INFORMATION PROVIDED:
------------------------------------------------

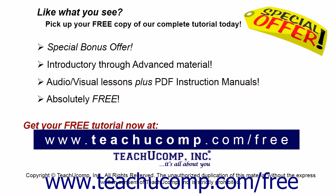Like what you see? Pick up your free copy of the complete tutorial at www.teachucomp.com/free.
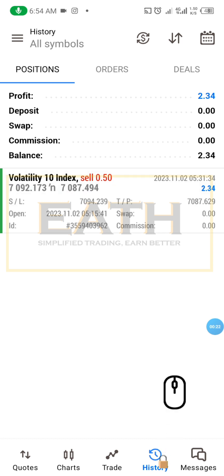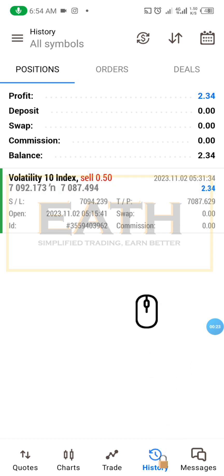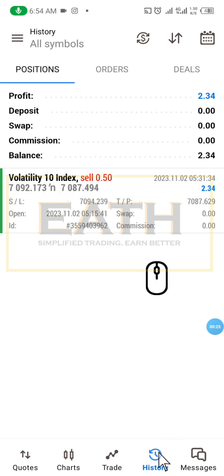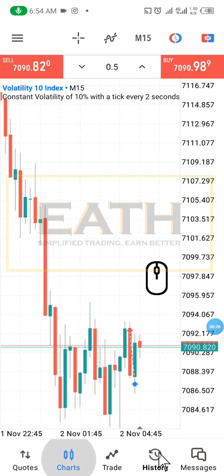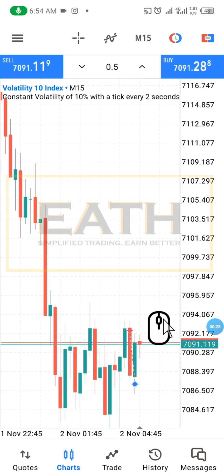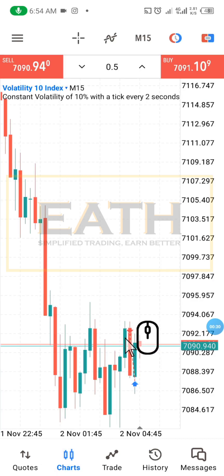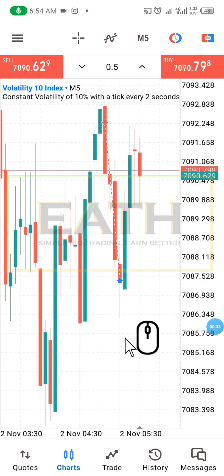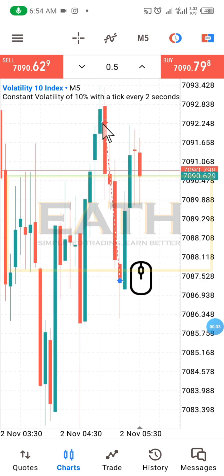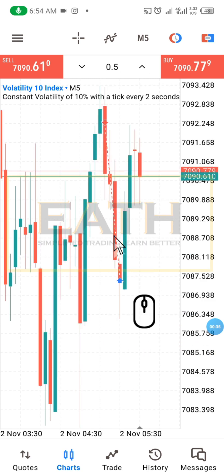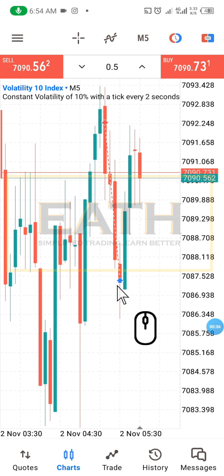We have our trade closed in profit. This is the movement — we sold on the five-minute timeframe, from here, and the market moved to those points.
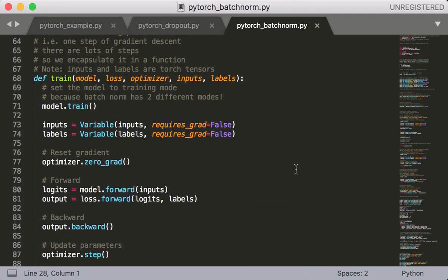Next, just like Dropout, we have a small change to our train function. Remember that batchnorm also has two different modes of operation, one for train and one for test. So in train mode, we update the running mean and variance, but in test mode, we do not. So we call the train function on the model, and this sets it to train mode. And now every layer within the model also knows it is in train mode and can behave accordingly.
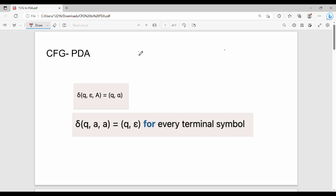Hi friends, welcome back. In this video, let's talk about the equivalence of CFG and PDA. This equivalence has two parts: CFG to PDA connection, then PDA to CFG connection.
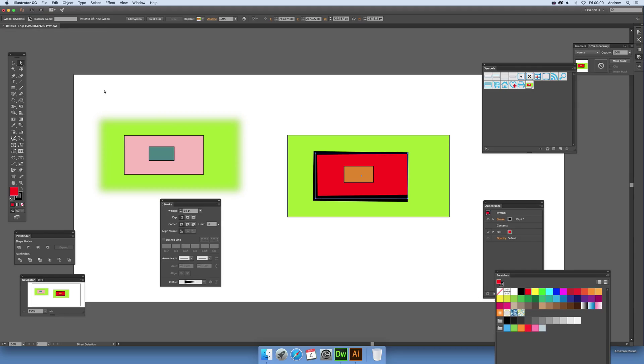You can also do things such as brushes, and again that's for a future video. So a really nice new feature of Illustrator CC 2015 point two. If you found this of interest, thank you very much.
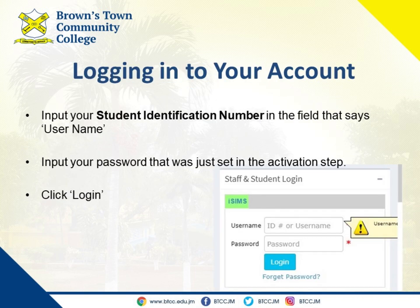Step four: log in. Now that your account is activated, let's log in. Input your student identification number in the field labeled 'Username,' and use the password that you've just set during the activation step.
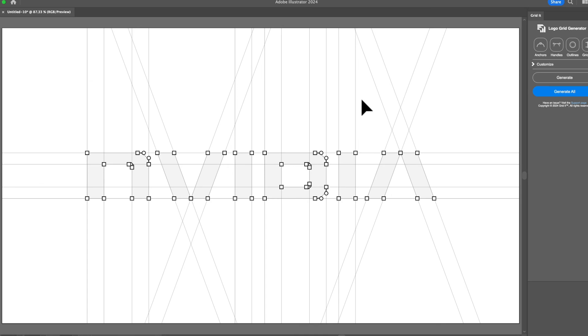So that's how you use Logo Grid Generator version 2. If you have any questions, please feel free to drop them in the comment section. Or if you're having any issues, please contact support at gridit.io. Thank you.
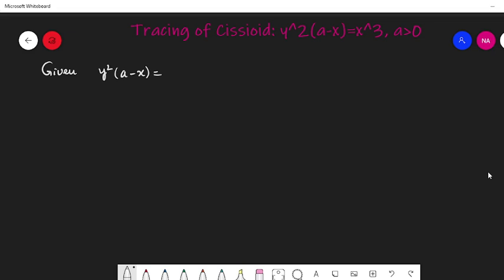Hello. In this video, we will discuss tracing a curve. The equation is y squared times (a minus x) equals x cubed, with a greater than 0. That is the input: y squared into (a minus x) equal to x cubed, and a greater than 0.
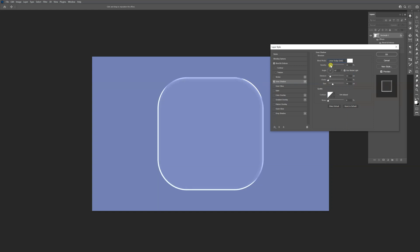The opacity should be somewhere around 15 or lower. Let's go up with distance. Distance is good at 30-something. I'm going to increase the choke so it's going to be stronger. And let me check the size. This is good.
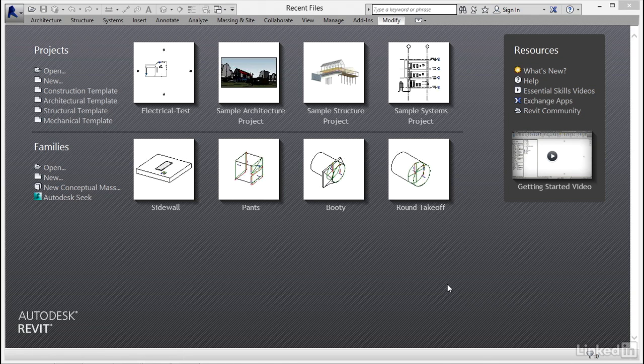Let's make a pipe accessory. So what we're going to do is make a ball valve. I know there's hundreds of them out there, but this is how you make a pipe accessory.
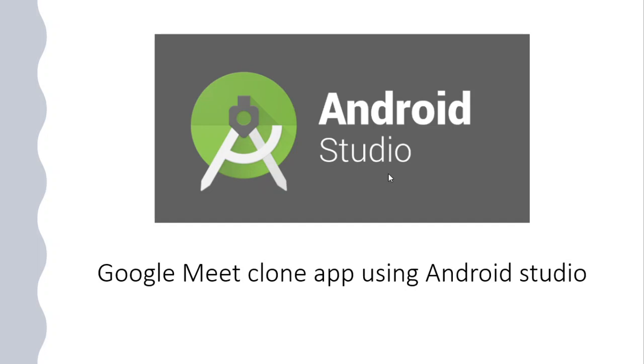Hello and welcome to this course on how to make a Google Meet application clone using Android Studio. In this course, you will learn how to make a Google Meet clone app completely from scratch using Android Studio and Java.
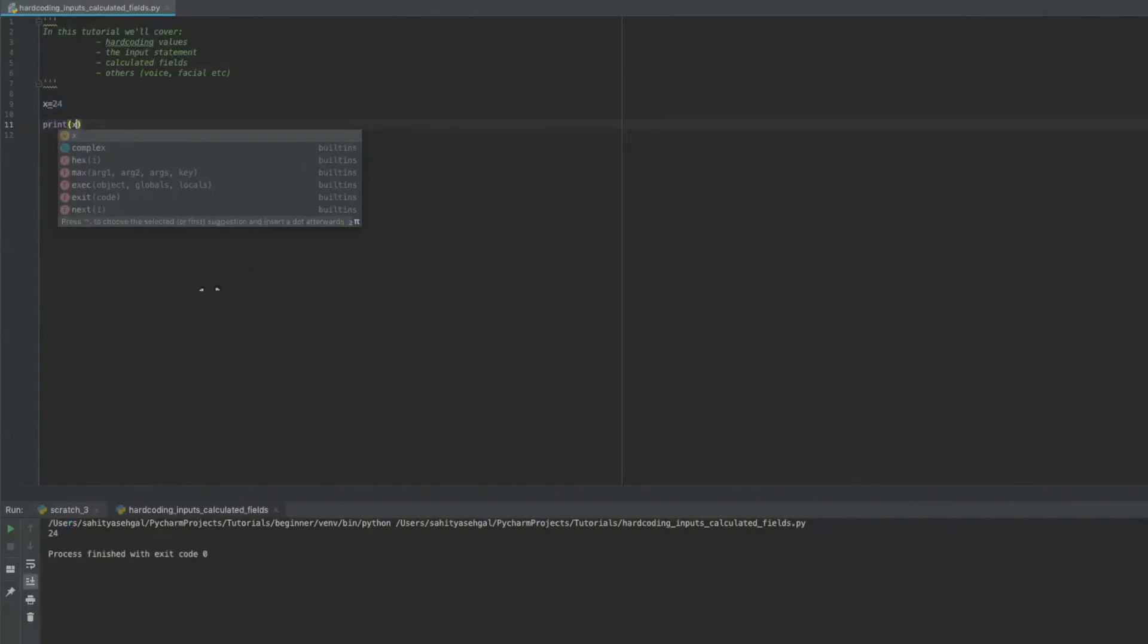A scenario where you may want to use hardcoding is, for example, something like an address, where an address for the most part is not going to change. There's other ways to get around an address as well. You can use list tuples, a whole bunch of other things, but you could hard code something like an address and say, this is the program that I'm going to execute for this specific address or this specific postal code or zip code or whatever it is.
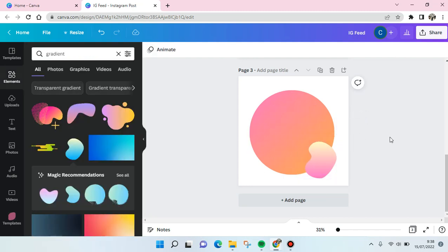That is how you can create a color gradient in Canva. I hope this video is helpful to you. Don't forget to click like, leave a comment, and also subscribe our channel. See you on the next tutorial, bye.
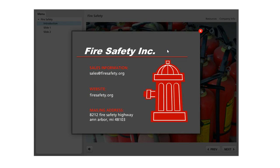I've just got some static information here, but you could include a video, you could include animations, narration, anything that you could include on any other slide you can include in a lightbox slide just like this one.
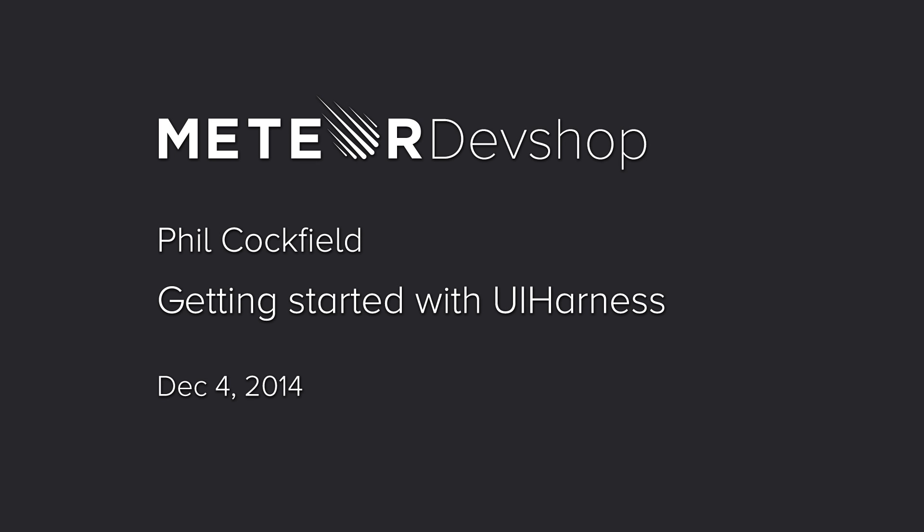Now, our last lightning talk speaker for the night is Phil Cockfield. He's a co-founder of Respondly, which many of you know. It's one of the most well-known Meteor production apps. And he's going to speak about getting started with UI Harness.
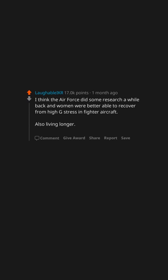I think the Air Force did some research a while back and women were better able to recover from high G stress in fighter aircraft. Also living longer. Women live longer than men in general.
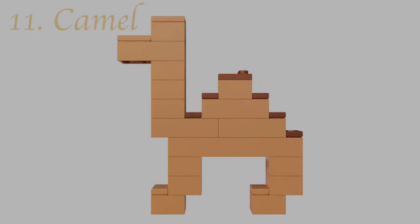Day eleven is a camel — another brick-built design, super basic, but it's meant to foreshadow the wise men who are going to see Jesus. Fun fact: the wise men don't actually appear exactly when Jesus is born — they come afterwards.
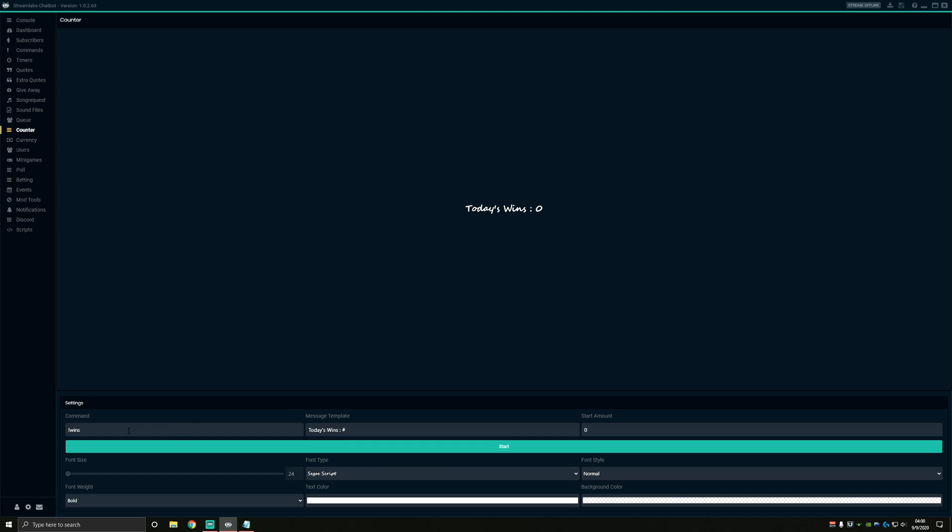This box here usually starts with deaths. The counter is typically exclamation point deaths. Since we're setting up a win counter, I want my command to be wins so people can do exclamation point wins in the chat to display our wins. And that's also how I'll increment our wins if I don't set up hotkeys later.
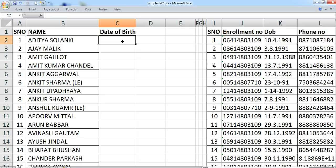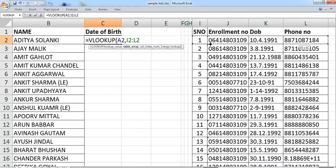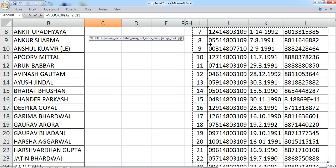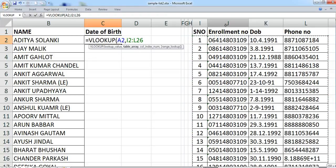So, VLOOKUP: the lookup value is what we need to look up — in this case, the serial number. Then a comma, and it asks where to find the serial number. Ensure that the common field is the left-hand field in the range from where you want to pick the value. Select the entire range by pressing Ctrl and the arrow keys to reach the last cell. Then another comma, and it asks for the column index number.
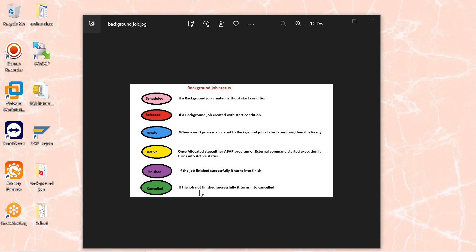We will see background job troubleshooting also, but it is not the right time — we'll discuss it during troubleshooting classes. The new t-codes for today are SM36 and SM37. Scheduling a background job is easy, but the problem is if a background job is running for too long — how do you troubleshoot that? Some jobs run for one hour, some for one week, some for one month. How can you decide it is running for a long time?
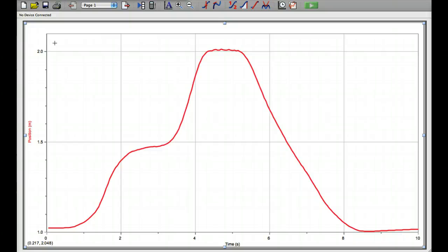Next, we need to label the different elements of the graph that are required in your lab report. To do that, we can insert a text annotation.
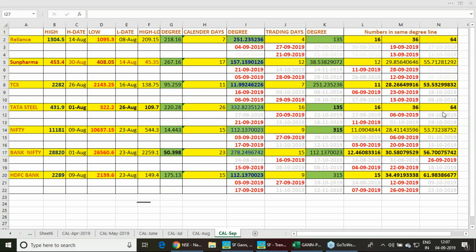For Reliance, we have the trend change today on the 4th. Tomorrow, some pharmaceuticals have a trend change, and Tata Steel is on the 6th. Nifty had its trend reversal on the 3rd of September. So if Nifty closed positive on the 2nd of September or any working day before the 3rd, then on the 3rd it should have a negative opening or negative close.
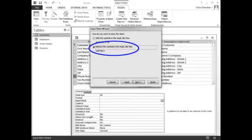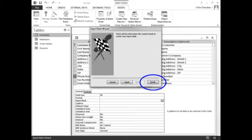When the next screen appears, click the radio button in front of the desired option. When the final screen appears, click the Next button, then click the Finish button.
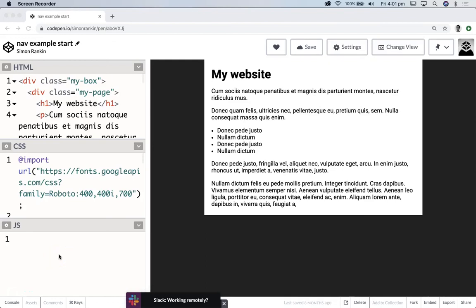Welcome back graphic designers. In this demonstration I'm going to build a navigational menu system that'll work to some extent in a mobile situation and desktop situation, so a navigational item that's kind of responsive.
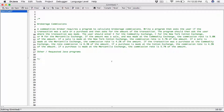Basically, we're going to ask the user a couple of questions. First, we'll ask them if the transaction is a purchase or a sale. Based on the transaction type — whether it's a purchase or a sale — we have different percentages to calculate the commission. We're also going to ask the user for the transaction location: E for commodity exchange, C for the New York Cotton Exchange, and M for the Mercantile Exchange.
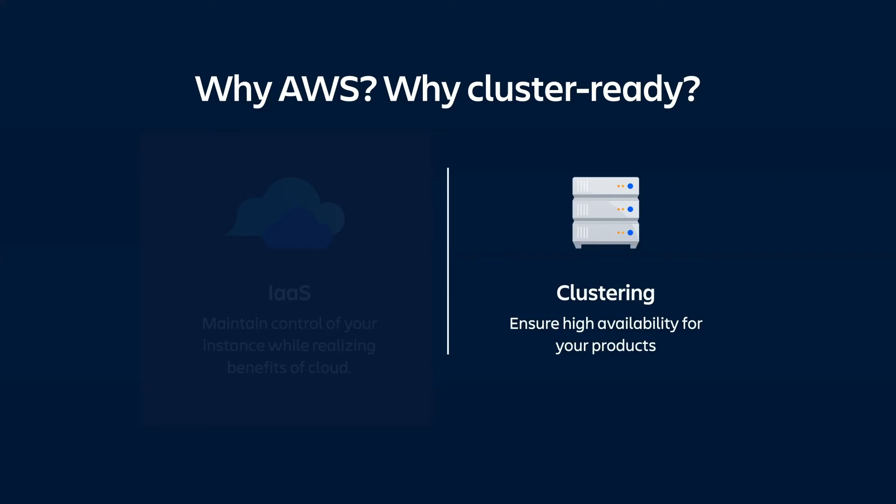As for cluster-ready environments, clustering is key to ensuring high availability for your products. Availability and minimal downtime are important for any Atlassian product you use, but they're especially crucial for a user management solution. You need to be able to authenticate and authorize users to your Atlassian products at all times in order to provide your end users access to your Atlassian products.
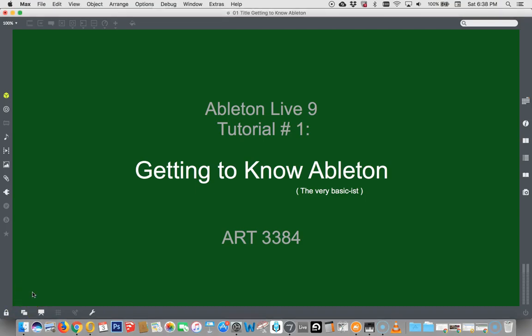Hi. This is the very first tutorial for Ableton Live 9. Perhaps a bit of a waste of time as Ableton Live 10 is about to come out in a week, but here we are, getting to know Ableton.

------------------------------------------------

PROMPT: Everything above from the line with "For Reliance, we" through the line with "Basically, we're going" should be retyped exactly, and nothing else; omit pictures.

TASK RESULT:
For Reliance, we have the trend change today on the 4th. Tomorrow, some pharmaceuticals have a trend change, and Tata Steel is on the 6th. Nifty had its trend reversal on the 3rd of September. So if Nifty closed positive on the 2nd of September or any working day before the 3rd, then on the 3rd it should have a negative opening or negative close.
When the next screen appears, click the radio button in front of the desired option. When the final screen appears, click the Next button, then click the Finish button.
Welcome back graphic designers. In this demonstration I'm going to build a navigational menu system that'll work to some extent in a mobile situation and desktop situation, so a navigational item that's kind of responsive.
Basically, we're going to ask the user a couple of questions. First, we'll ask them if the transaction is a purchase or a sale. Based on the transaction type — whether it's a purchase or a sale — we have different percentages to calculate the commission. We're also going to ask the user for the transaction location: E for commodity exchange, C for the New York Cotton Exchange, and M for the Mercantile Exchange.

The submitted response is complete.